Le sort des « disparus » est en quelque sorte un crime parfait puisqu'il ne peut  donner lieu à réparation morale ou matérielle. Ce crime demeurerait donc la plupart du temps impuni et donc source  d'insatisfaction profonde pour la société et les proches  de tous ceux qui, militants, syndicalistes, révolutionnaires, voulaient se battre pour un monde plus juste et un changement de société en profondeur.

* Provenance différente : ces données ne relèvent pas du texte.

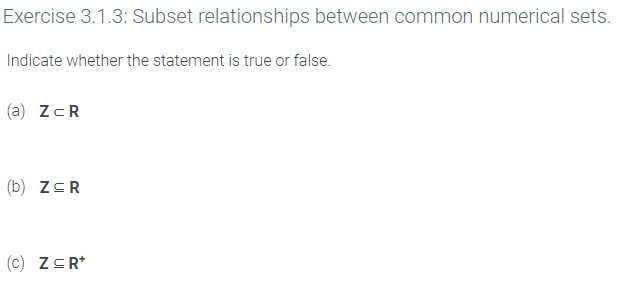 DISCRETE STRUCTURES: ANSWER A,B,C Exercise 3.1.3: Subset relationships between common numerical sets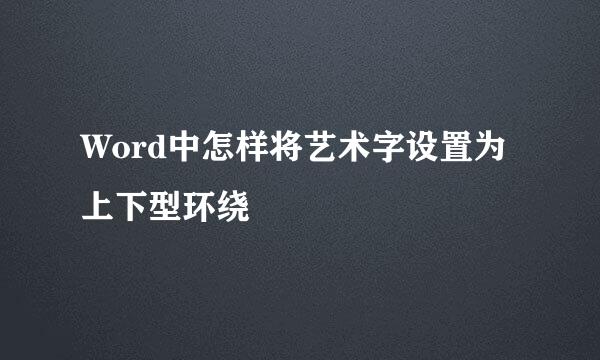 Word中怎样将艺术字设置为上下型环绕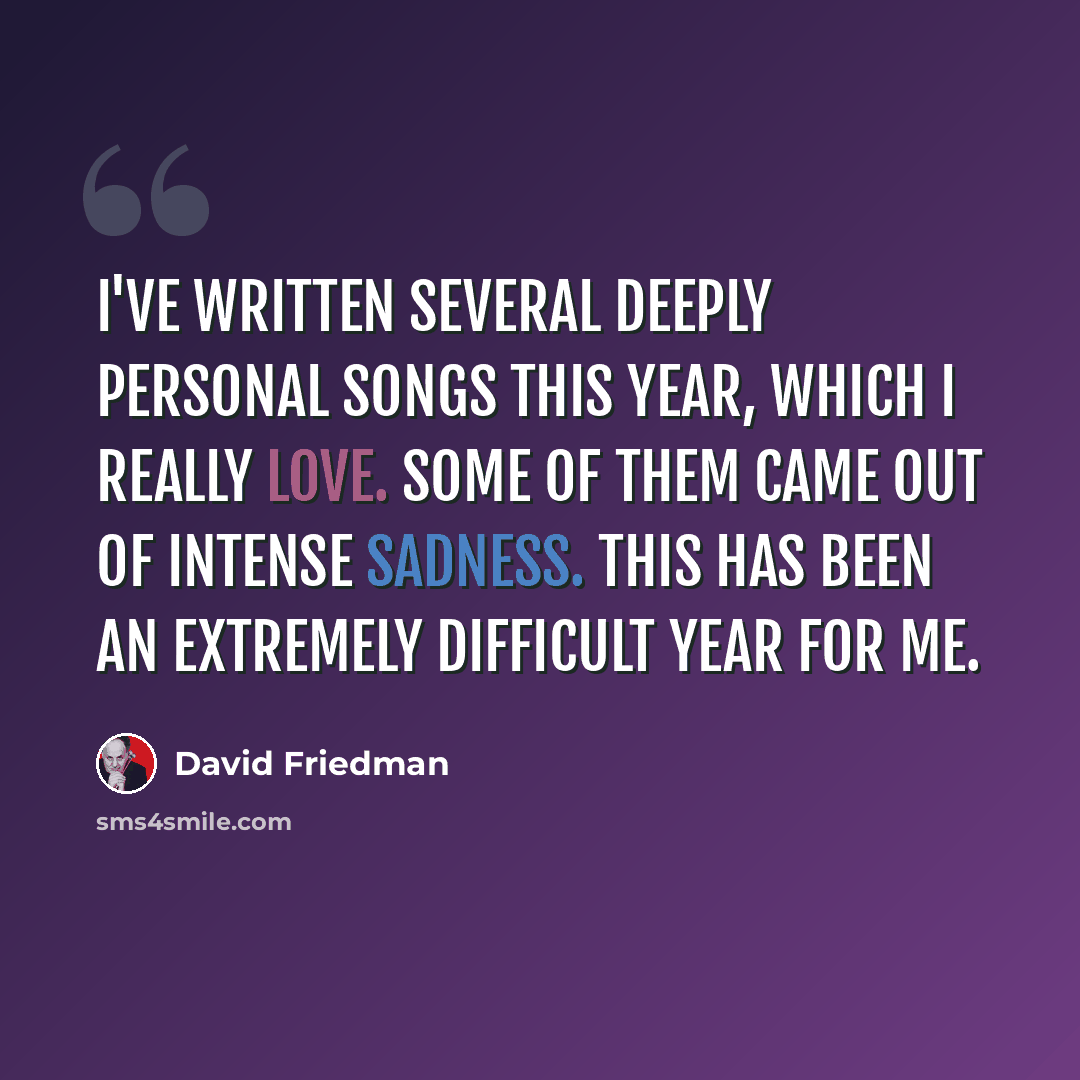 “I've written several deeply personal songs this year, which I really love. Some of them came out of intense sadness. This has been an extremely difficult year for me.” quote by David Friedman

C'est à partir de ce constat que des associations se sont constituées, réunissant les familles et  les amis  de ces innombrables disparus ainsi que tous ceux et celles qui ne veulent pas que soit oublié leur mémoire. Le mouvement H.I.J.O.S rassemble pour sa part les enfants des disparus et pratique avec persévérance une forme de mémoire subversive appelée «  l'escrache ». Le trop célèbre Général vient heureusement de faire les frais de cette nouvelle forme d'action .

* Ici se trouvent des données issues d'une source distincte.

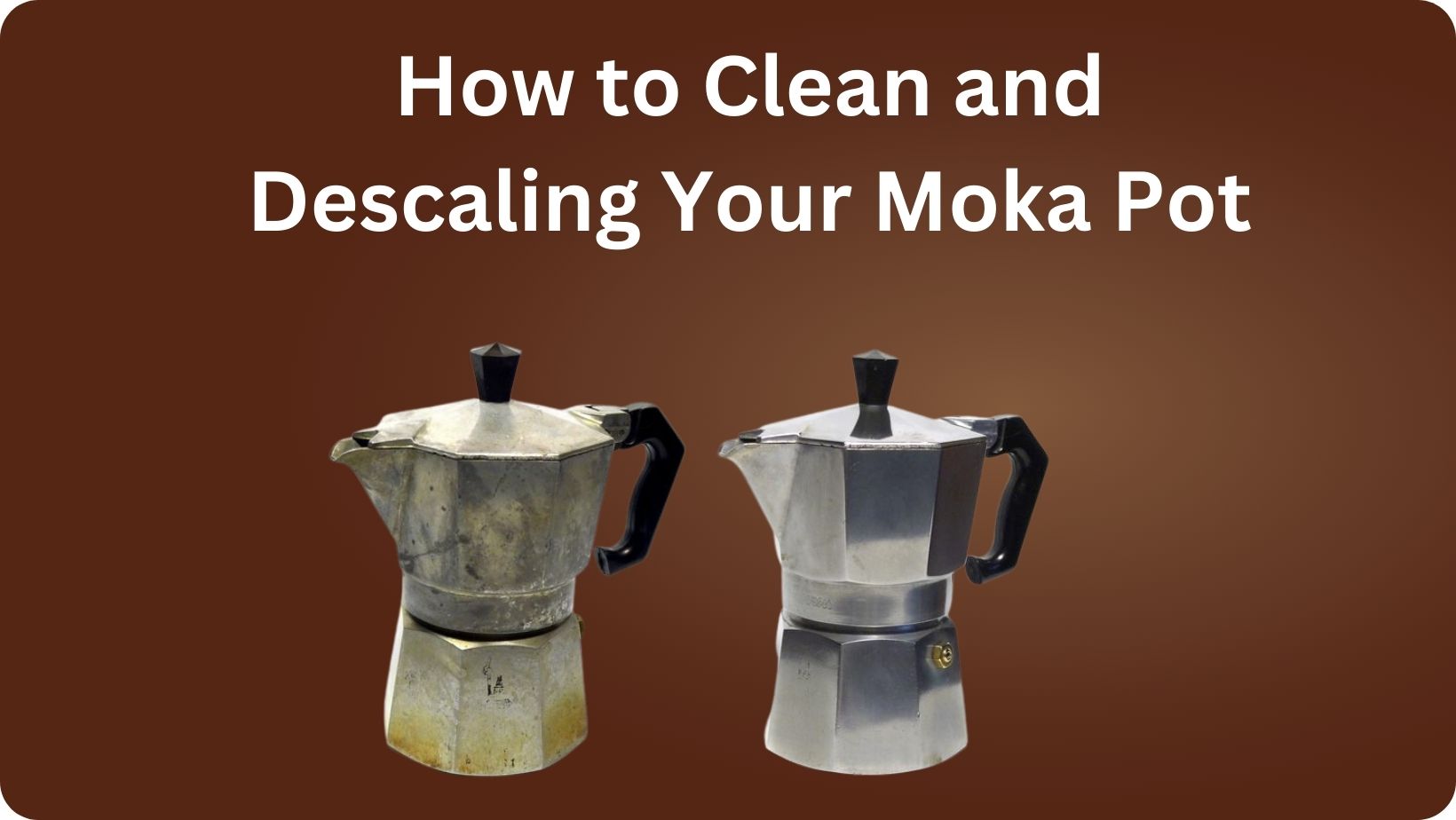 How to Clean and Descaling Your Moka Pot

En effet, les descendants des victimes du pouvoir militaire ont choisi de lutter contre l'oubli et le silence d'une société hypocrite se satisfaisant de l'amnistie décrétée par le pouvoir en place dans les années 90 . Leur démarche est très originale : elle consiste à faire condamner « socialement » les anciens tortionnaires en les désignant visiblement à la population ;

Après une enquête approfondie sur les personnes suspectes d'actes de barbarie, ils s'installent dans le quartier où réside leur prochain « escraché », contactent le voisinage, exposent leurs griefs et l'action qu'ils envisagent. Le jour venu, les habitants du quartier sont invités devant le domicile du suspect où, à grand renfort de peinture rouge, de pas sur le sol, de slogans  « assassins » rythmés par le sons des tambours  on stigmatise l'action passée du tortionnaire, lequel reste à jamais marqué par la honte de cet ostracisme social….Nouvelle forme de justice concrète qui n'a rien à voir avec la justice habituelle, cette action militante marque une volonté citoyenne : le refus de cohabiter avec les assassins , même si ceux-ci ont été absous par la remise en normalité de la société. Elle marque également le refus de la peur trop longtemps présente dans la vie des victimes , ainsi que la volonté d'expression  de toute une population trop longtemps muselée..

On retrouve donc dans ces deux exemples la montée en puissance d'un désir profond d'humanité retrouvée, de prise en  main par les victimes  ou les descendants de celles-ci de leur propre destin …

Alors, faisons nôtre l'idée exprimée l'autre jour dans l'article de notre rédacteur Nicanor : ouvrons les yeux sur le monde, prenons le temps et la peine  de regarder, d'analyser, de comprendre  ce qui se passe sur notre planète et chacun à notre façon, devenons les acteurs de notre destin et non plus ceux qui ralent mais subissent sans broncher. Suivons l'exemple venu d'ailleurs, du Cambodge, de l'Argentine  et de partout…

mais qu'au moins toutes ces initiatives, ces démarches contre l'oubli et la normalisation  servent à nous faire réfléchir sur le passé, le présent et le futur de notre humanité !!!